*** Opening SUPPLIED RECORDS ***

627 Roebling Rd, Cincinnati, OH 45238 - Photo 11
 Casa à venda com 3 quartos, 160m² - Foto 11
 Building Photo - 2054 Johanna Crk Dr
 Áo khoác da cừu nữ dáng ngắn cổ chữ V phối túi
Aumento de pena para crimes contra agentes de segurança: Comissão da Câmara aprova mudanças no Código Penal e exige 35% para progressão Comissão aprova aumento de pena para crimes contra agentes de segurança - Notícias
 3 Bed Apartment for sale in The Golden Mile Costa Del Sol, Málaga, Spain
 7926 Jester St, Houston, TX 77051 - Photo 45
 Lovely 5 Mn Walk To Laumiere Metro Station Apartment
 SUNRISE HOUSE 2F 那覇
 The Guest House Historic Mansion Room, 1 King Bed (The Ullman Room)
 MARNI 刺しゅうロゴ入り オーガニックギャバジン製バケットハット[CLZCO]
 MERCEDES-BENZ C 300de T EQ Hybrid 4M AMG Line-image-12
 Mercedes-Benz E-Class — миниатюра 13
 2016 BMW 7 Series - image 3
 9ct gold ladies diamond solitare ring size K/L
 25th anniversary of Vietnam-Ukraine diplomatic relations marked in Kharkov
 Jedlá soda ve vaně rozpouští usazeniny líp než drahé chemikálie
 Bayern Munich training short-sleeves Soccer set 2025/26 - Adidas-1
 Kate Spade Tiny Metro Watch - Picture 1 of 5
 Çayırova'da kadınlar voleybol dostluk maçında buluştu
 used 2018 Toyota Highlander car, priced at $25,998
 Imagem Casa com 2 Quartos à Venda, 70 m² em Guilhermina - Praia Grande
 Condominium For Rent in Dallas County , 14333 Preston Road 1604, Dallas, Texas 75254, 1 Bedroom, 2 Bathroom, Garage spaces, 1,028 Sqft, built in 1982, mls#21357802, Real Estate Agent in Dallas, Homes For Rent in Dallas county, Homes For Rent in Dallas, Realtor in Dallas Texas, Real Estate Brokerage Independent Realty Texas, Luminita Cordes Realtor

*** Closing SUPPLIED RECORDS ***

Look through the entries above. Extract each line with the word "Apartment".

 3 Bed Apartment for sale in The Golden Mile Costa Del Sol, Málaga, Spain
 Lovely 5 Mn Walk To Laumiere Metro Station Apartment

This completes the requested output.